Nourish International currently has 60 chapters on college campuses. Through these chapters, Nourish has established a network of 800 students and 900 alumni. During the 2013-2014 school year, Nourish Ventures earned over $144,171 in profits. Since 2003, they have had 622 Nourish Project Interns work with international partnering organizations during the summer. During the Summer of 2014, they have estimated that Nourish Project Interns gave 36,051 hours of their time to partnering organizations in 28 communities across 12 countries.

History

2003: Sindhura Citineni and a group of students found Hunger Lunch at the University of North Carolina at Chapel Hill. Students sell rice, beans and cornbread on a weekly basis and use their profits to fund Nourish International’s first project: a nutrition initiative in Hyderabad, India.

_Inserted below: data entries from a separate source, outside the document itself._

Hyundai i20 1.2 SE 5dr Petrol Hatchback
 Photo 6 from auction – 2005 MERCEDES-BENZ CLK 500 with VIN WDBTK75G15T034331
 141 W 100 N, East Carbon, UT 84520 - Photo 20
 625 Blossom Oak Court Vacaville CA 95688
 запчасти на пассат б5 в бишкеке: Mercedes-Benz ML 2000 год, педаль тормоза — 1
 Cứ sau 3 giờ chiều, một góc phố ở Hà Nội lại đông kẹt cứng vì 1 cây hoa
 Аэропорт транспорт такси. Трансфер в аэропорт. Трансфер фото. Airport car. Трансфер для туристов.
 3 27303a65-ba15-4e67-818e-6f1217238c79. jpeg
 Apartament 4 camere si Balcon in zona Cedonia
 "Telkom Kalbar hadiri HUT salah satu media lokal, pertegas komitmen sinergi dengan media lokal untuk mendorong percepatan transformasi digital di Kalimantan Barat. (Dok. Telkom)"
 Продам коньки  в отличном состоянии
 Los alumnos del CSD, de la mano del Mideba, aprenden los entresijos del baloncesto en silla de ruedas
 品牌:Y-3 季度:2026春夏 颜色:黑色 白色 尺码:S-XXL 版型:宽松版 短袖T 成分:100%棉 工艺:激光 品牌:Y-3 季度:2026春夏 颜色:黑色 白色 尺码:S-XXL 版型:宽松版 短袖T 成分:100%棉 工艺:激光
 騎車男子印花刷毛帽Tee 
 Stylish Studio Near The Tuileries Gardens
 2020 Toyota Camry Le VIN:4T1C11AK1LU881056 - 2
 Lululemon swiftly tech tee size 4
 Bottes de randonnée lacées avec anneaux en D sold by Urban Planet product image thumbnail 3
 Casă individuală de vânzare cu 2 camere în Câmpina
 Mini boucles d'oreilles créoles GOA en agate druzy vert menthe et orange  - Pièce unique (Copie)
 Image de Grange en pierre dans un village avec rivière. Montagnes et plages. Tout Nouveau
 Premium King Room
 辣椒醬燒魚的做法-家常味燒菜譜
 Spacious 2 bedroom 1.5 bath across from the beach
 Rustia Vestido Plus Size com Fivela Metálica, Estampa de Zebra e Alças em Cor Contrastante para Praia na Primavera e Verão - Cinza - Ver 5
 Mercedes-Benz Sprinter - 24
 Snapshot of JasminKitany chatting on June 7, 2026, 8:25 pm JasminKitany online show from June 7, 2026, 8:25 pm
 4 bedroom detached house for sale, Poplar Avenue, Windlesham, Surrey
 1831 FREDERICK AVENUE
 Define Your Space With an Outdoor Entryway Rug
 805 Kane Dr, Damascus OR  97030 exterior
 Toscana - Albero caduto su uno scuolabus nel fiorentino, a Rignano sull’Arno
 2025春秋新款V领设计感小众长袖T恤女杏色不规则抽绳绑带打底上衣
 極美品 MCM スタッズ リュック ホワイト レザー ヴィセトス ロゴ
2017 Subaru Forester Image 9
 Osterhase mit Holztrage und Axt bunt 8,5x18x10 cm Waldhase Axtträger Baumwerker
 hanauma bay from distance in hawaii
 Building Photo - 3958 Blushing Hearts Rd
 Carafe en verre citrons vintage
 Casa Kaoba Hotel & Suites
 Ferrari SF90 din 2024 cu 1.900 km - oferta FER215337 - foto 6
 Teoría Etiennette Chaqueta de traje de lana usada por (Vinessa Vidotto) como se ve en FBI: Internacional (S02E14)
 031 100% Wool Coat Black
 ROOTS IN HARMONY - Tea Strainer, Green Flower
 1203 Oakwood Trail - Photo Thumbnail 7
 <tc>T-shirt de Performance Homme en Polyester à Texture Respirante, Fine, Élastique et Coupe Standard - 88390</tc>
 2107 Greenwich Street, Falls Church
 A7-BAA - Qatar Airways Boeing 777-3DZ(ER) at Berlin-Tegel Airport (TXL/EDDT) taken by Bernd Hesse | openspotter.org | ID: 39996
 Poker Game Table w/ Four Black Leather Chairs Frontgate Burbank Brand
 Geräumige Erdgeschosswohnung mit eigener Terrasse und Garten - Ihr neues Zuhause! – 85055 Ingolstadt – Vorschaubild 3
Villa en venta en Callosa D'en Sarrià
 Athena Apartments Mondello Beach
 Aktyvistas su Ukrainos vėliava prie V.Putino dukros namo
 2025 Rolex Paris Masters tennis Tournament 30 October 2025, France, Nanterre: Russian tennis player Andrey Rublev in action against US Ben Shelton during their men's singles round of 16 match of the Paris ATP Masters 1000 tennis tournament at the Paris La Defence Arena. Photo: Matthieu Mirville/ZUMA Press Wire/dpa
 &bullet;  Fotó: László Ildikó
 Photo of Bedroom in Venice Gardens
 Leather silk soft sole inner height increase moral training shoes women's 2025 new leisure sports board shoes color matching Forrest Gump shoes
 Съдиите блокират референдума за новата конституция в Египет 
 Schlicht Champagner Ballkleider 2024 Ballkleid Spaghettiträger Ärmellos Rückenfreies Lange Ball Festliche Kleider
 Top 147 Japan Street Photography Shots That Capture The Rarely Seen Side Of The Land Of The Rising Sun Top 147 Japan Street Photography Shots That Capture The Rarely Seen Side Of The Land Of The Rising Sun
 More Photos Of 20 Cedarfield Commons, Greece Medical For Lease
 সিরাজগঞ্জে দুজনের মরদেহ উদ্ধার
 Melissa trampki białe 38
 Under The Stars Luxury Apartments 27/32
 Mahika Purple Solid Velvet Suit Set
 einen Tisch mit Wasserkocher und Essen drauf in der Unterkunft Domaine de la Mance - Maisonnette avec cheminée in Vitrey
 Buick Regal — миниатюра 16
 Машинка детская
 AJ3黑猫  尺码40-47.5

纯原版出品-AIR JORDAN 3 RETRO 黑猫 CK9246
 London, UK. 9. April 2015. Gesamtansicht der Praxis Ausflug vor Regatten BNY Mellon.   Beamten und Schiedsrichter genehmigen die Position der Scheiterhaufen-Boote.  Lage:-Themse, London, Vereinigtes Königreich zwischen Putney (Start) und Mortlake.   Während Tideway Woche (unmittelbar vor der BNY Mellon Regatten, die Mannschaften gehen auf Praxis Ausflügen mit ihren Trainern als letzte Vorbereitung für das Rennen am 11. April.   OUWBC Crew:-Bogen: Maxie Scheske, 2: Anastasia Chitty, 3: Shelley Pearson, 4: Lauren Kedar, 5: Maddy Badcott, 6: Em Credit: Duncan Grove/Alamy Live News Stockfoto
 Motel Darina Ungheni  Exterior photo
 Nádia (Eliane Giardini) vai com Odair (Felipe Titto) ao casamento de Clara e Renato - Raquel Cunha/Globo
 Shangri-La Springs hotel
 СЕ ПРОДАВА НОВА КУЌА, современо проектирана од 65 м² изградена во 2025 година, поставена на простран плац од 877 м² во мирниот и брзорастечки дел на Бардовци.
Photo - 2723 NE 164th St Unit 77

2005: The Hunger Lunch Team places second in the Carolina Challenge, a business plan competition at UNC-CH. They decide that they want to take Hunger Lunch to other schools and change the name to Nourish International.

2006: Nourish International incorporates as a 501(c)3 non-profit and expansion begins. The first additional campuses include Duke, N.C. State and University of Michigan.

2008: The network of Nourish Chapters extends to two-dozen campuses after the inaugural Summer Institute training conference is held in Chapel Hill, NC. Nourish wins the N.C. Peace Prize.

2010: Nourish International continues to invest in each chapter’s ventures and projects.

2012: Nourish International welcomes the 2012-2013 Chapter Founders and expands the network to 29 campuses. Students continue to bridge the distance between communities and resources.

2013:  Nourish International expands the network to 45 campuses.

2014: Nourish International expands to 55 campuses and 5 high schools, with a total of 60 chapters in the US and Canada.